Safer Renting plays their part
Often we all go out together to save time. If Safer Renting (the company I work for now) can get in before the backlash starts we stand a better chance of sustaining the tenancies and protecting the occupants, even if only by advising them of their rights before things go South.
When confronted about the unauthorised nature of the works that have been done, the rogue landlords and developers often take great umbrage, pointing out that the property in question has been banded for council tax by the Valuation Office Agency (VOA) and that it does, as a result, have the royal seal of approval.
It does nothing of the sort. The VOA has no duties or powers that they can use to rubber stamp conversions and buildings in contravention of the various statutes.
In short, the fact that a conversion or outbuilding has been banded means Jack but it results in more appeals, more emails, more complaints, more letters and more delays, all at tax payer’s expense.
Valuation Office Agency
I know why the VOA band properties but I freely admit I don’t know how they actually go about it. So I did a bit of digging and found information on Gov.uk about it. The website says the following:-
“When a new property has been built, or an existing property is converted to domestic use (for example, a warehouse conversion), the property will need to have a Council Tax band.”
So far, so good and I kind of guessed that but then it goes on to say:-
“Usually, the VOA can get all the information they need from outside, so they won’t need to disturb you. The inspector will often take photographs to save time. Generally, only 1 or 2 external pictures are necessary – much like an estate agent would use.”
Woah, woah, lets back up there for a minute.
- You mean they don’t need to do anything other than look at it?
- No checks are made?
Much as I suspected then.
Reading further in, I see guidance on how family homes can be converted into tiny micro-flats, in breach of planning regulations and yet still get banded:-
“Separately let rooms in a HMO may have been adapted, for example, so that they have their own kitchenette or separate shower/bath and WC. They will be given their own band even though may share some facilities”.
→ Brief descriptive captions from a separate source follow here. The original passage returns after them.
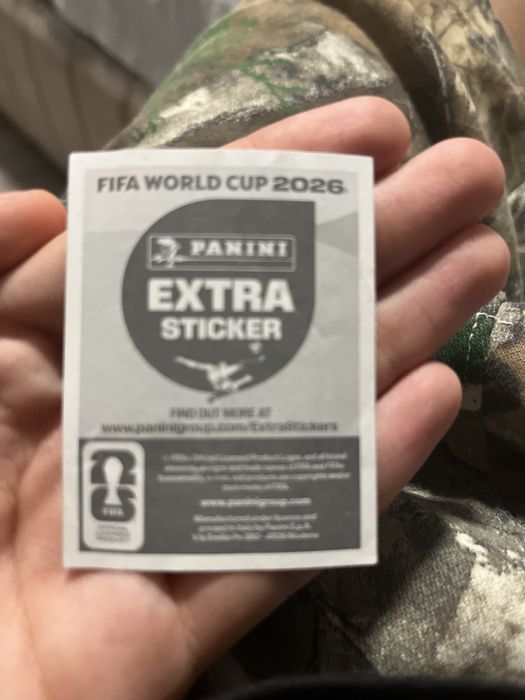 Luka modric panini sticker gold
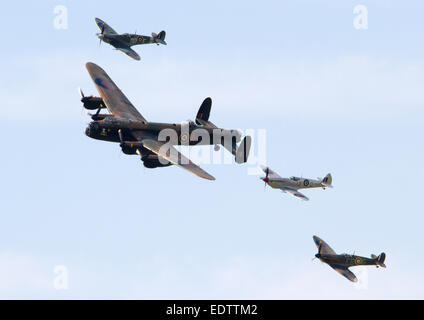 Battle of Britain Memorial Flight au cours de Goodwood, Sussex de l'Ouest composé d'un AVRO Lancaster et Spitfire 3 Banque D'Images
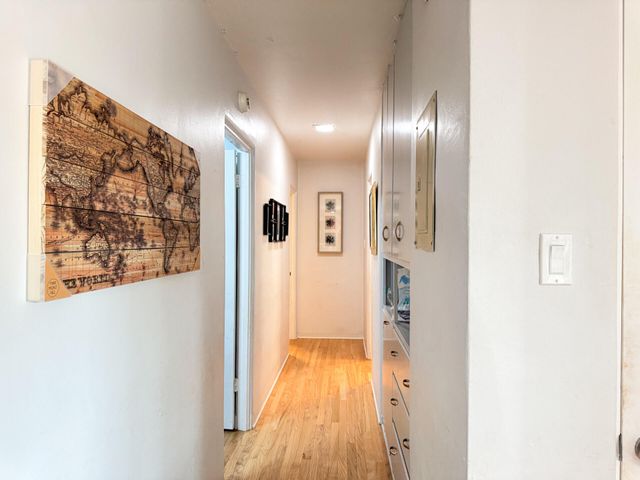 1516 Columbia Drive NE, Albuquerque, NM 87106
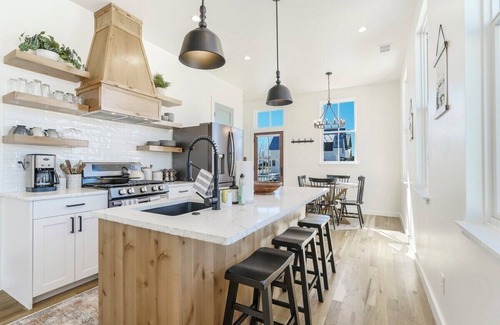 Buena Vista House | Alpine Estate! DT Villa w 3 Full Kitchens & Views!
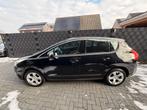 Peugeot 3008 1.6 VTi Première| CLIMA| CRUISE| PANO| HEAD UP, Auto's, Peugeot, Stof, Gebruikt, 4 cilinders, Zwart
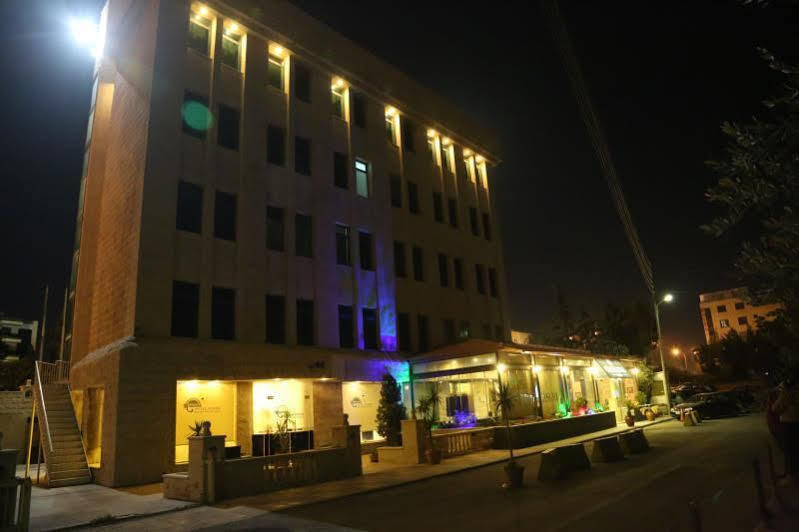 Rozana Hotel Амман Екстер'єр фото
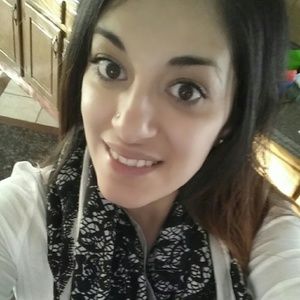 Meet your Posher, Ana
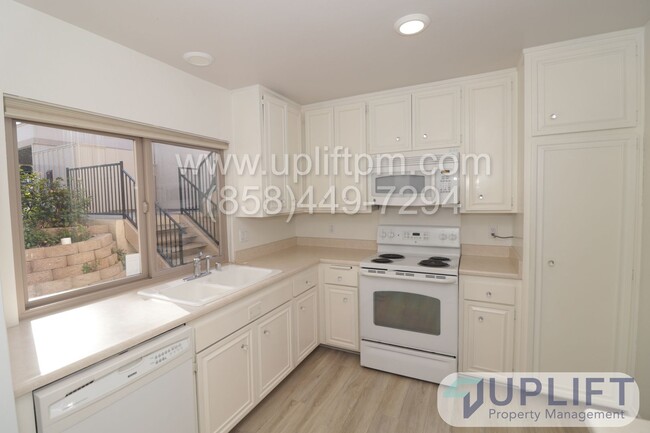 Foto del edificio - 2 BED 2 BATH CONDO WITH BONUS ROOM IN THE ...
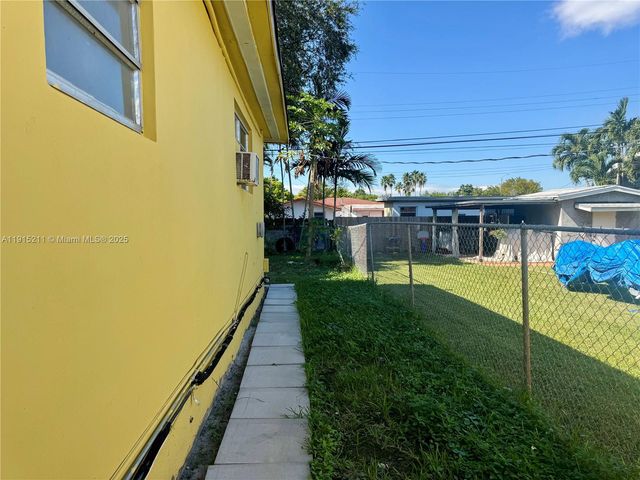 100 NW 64th Ct 2, Miami, FL 33126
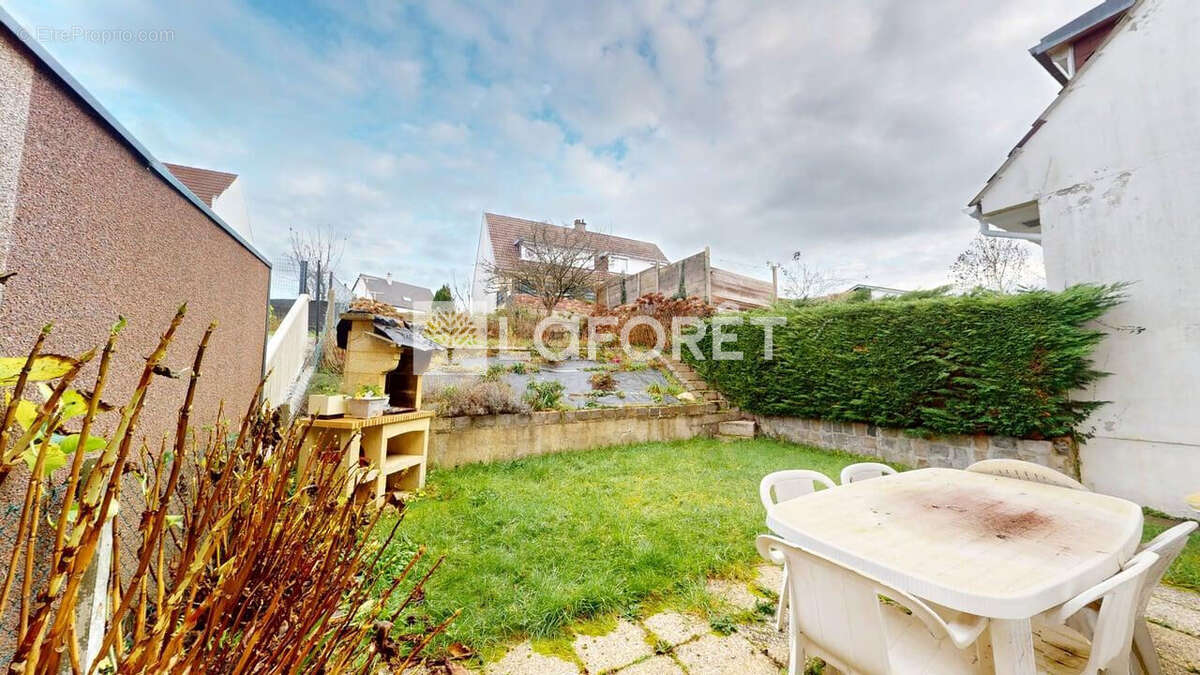 Maison à MONTIVILLIERS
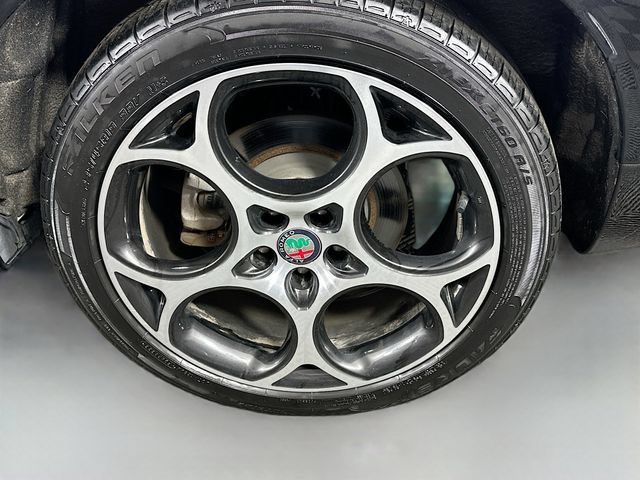 Used 2024 Alfa Romeo Tonale Ti AWD/4WD image 32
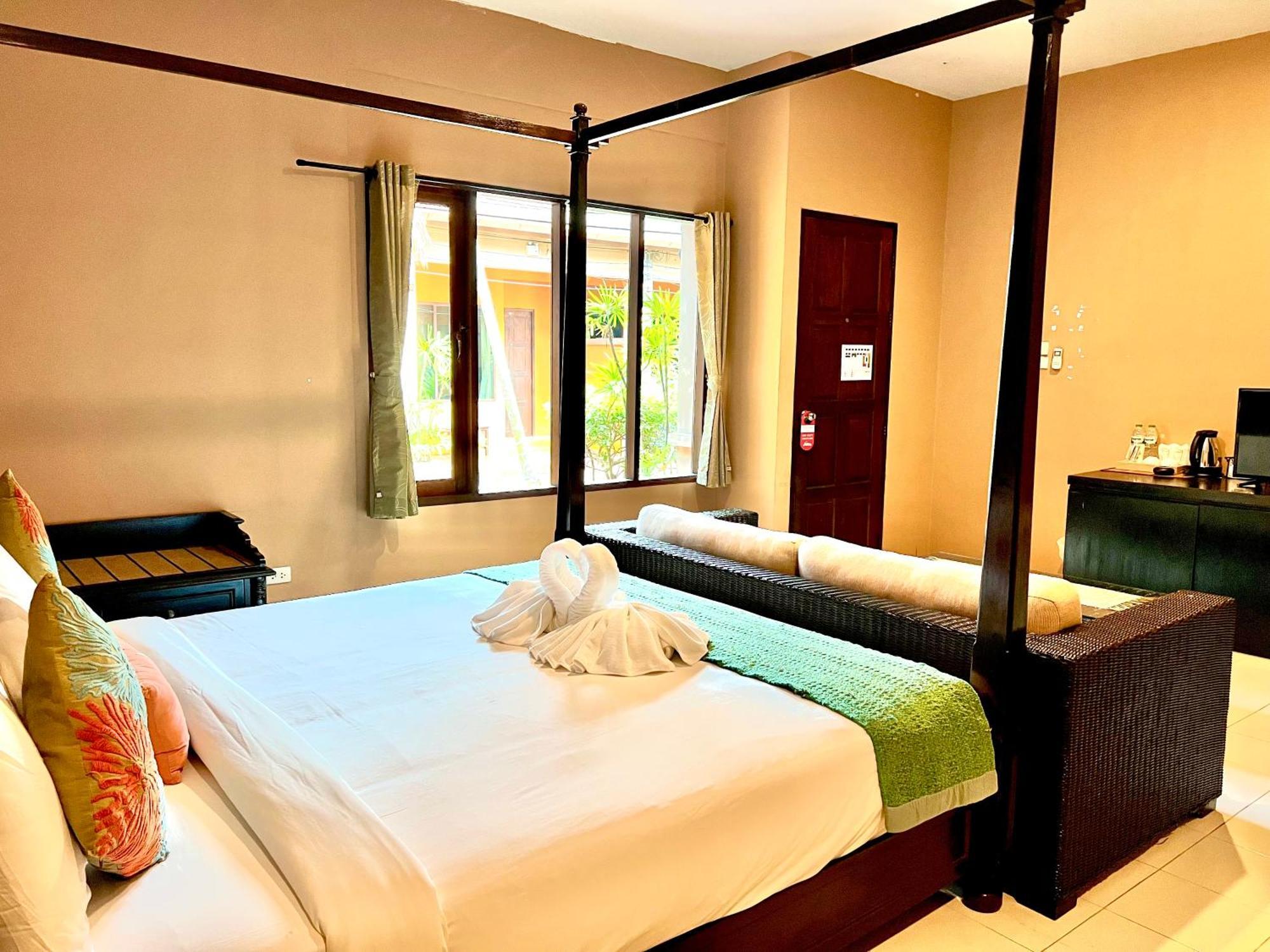 Phuket Siam - Sha Chalong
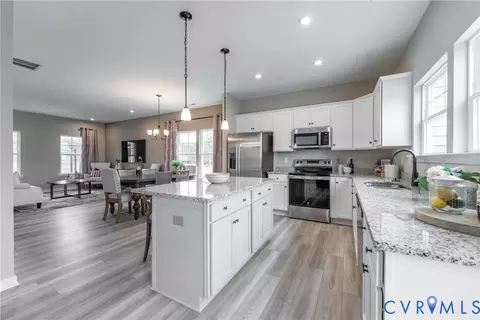 5510 Greenpark Way, Sandston, VA 23150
This process explained further:-
“The VOA is required by law to apply a separate Council Tax band to every building, or part of a building, which has been constructed or adapted for use as separate living accommodation”.
A statement which itself derives from guidance in the Practice notes through which we are informed:-
“If within a property there is any unit of occupation which would have formed a hereditament in its own right for the purposes of the 1967 General Rate Act, then it is a separate dwelling based on occupation, irrespective of whether or not it is self-contained.”
This is where it deviates
Now I’m afraid folks all of this can put the work of the VOA at odds with planning enforcement, who in all London boroughs I know and many outside London, have prohibitions on converting family homes into small units, not to mention creating issues for both environmental health and licensing.
And let’s not forget the housing benefit provisions, where shared facilities will mean a reduction in HB rates. Banding for council tax where there are shared facilities will create a very grey area that can be exploited, which in many cases is exactly what happens.
So we have here is a situation where the guardians of one form of government regulation are at odds with the enforcers of other government regulations.
Herein lies the solution
Of course, all of this can easily be rectified, without changing legislation and in a way that will help enforcement teams track down unauthorised conversions and out-buildings, which would only require an amendment in procedures, whereby the VOA simply contacted the local authority before rubber stamping, allowing disputes to be resolved before banding and not afterwards.
Having such simple checks in place would not only alert the enforcement teams to the existence of an unauthorised conversion or structure, bearing in mind also that in such situations very often other forms of skulduggery are taking place but would likely deter many a dodgy developer or rogue landlord if they knew there was a stronger chance they would be detected.
Of course, none of this is to the VOA’s advantage, which is no doubt why they don’t bother consulting other organisations. Corporate bureaucracy is be-dogged by demarcation:-
“not my job description, not my problem”
being the open gate that so often allows rogue landlords to crap on the lawn.
And yet another benefit
An early warning flare would also help planning enforcement, whose job difficulties are further exacerbated by a rule whereby, if a property has been converted without permission but has been there for four years, the council can’t order it to be converted back to a single dwelling, leaving the family home forever divided up, unless the owners decide to reconvert themselves, so early discovery is crucial.
The VOA can rescind it’s council tax banding just as easily as they give it but while they go about their merry way without seeing their part in a far bigger picture they will continue to create problems that could be easily resolved by a phone call or email.